Start of DATA EXCERPTS

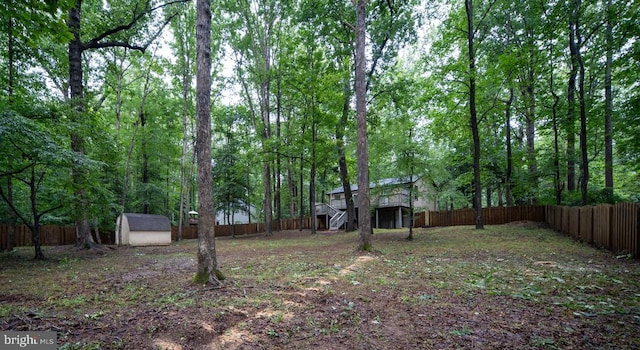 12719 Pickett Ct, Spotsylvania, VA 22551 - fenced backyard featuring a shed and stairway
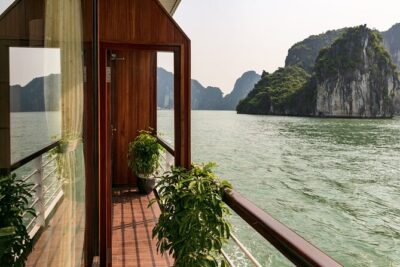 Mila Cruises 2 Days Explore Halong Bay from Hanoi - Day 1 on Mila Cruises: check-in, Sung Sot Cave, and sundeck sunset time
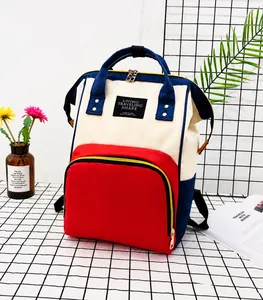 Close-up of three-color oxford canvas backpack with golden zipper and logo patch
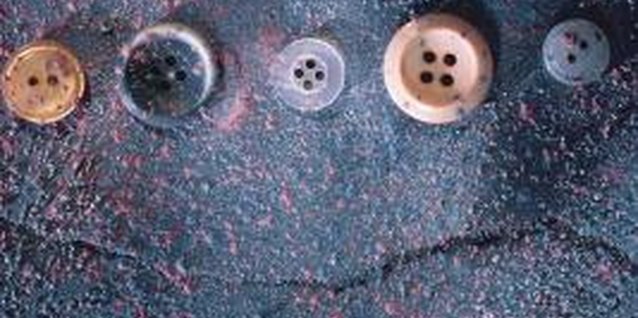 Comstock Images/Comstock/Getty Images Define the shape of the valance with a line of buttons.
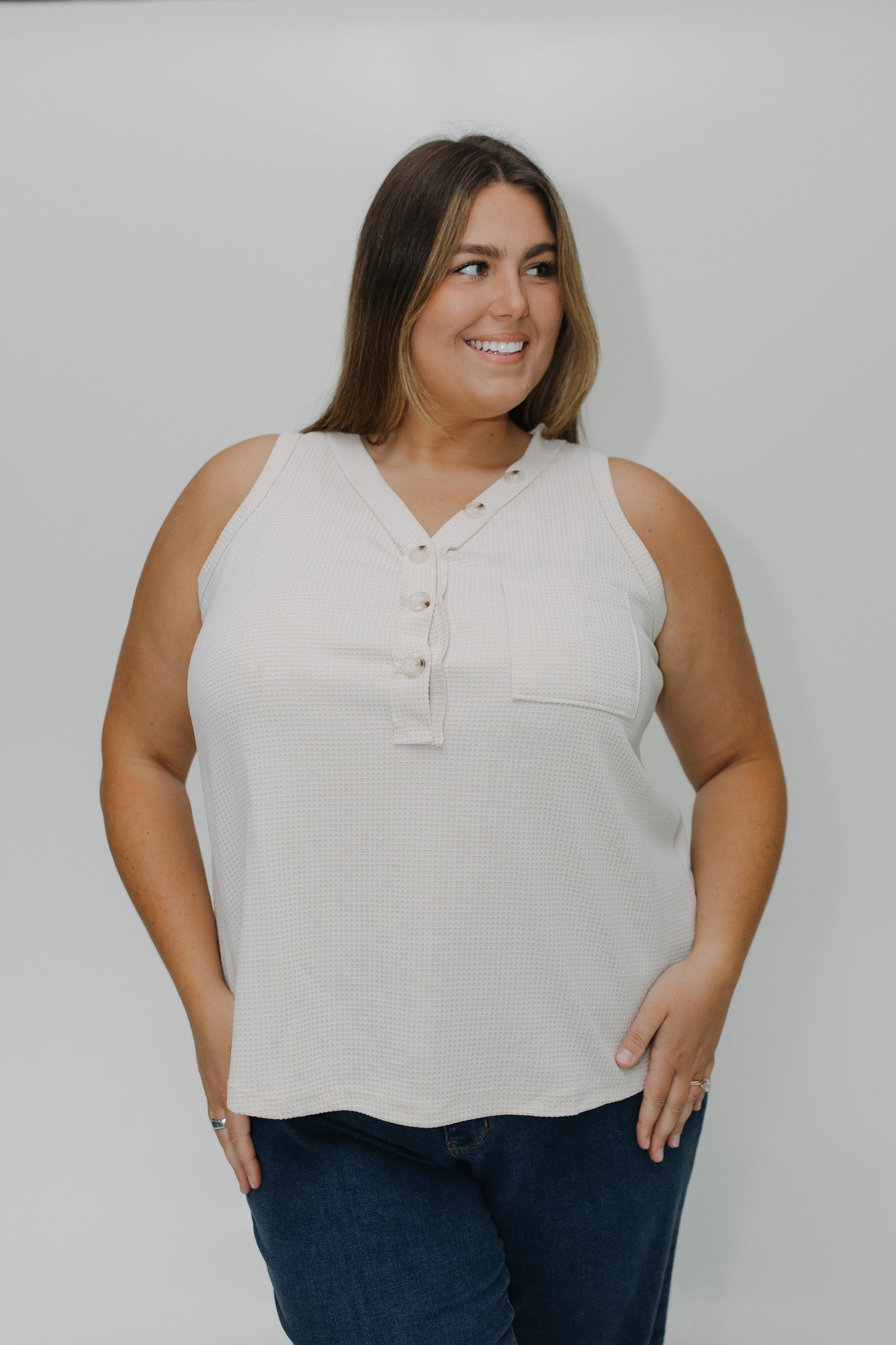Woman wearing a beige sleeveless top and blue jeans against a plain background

End of DATA EXCERPTS

**TASK GOAL:**
When pictures appear among the entries, skip them and copy all remaining text precisely.

**TASK RESPONSE:**
 12719 Pickett Ct, Spotsylvania, VA 22551 - fenced backyard featuring a shed and stairway
 Mila Cruises 2 Days Explore Halong Bay from Hanoi - Day 1 on Mila Cruises: check-in, Sung Sot Cave, and sundeck sunset time
 Close-up of three-color oxford canvas backpack with golden zipper and logo patch
 Comstock Images/Comstock/Getty Images Define the shape of the valance with a line of buttons.
Woman wearing a beige sleeveless top and blue jeans against a plain background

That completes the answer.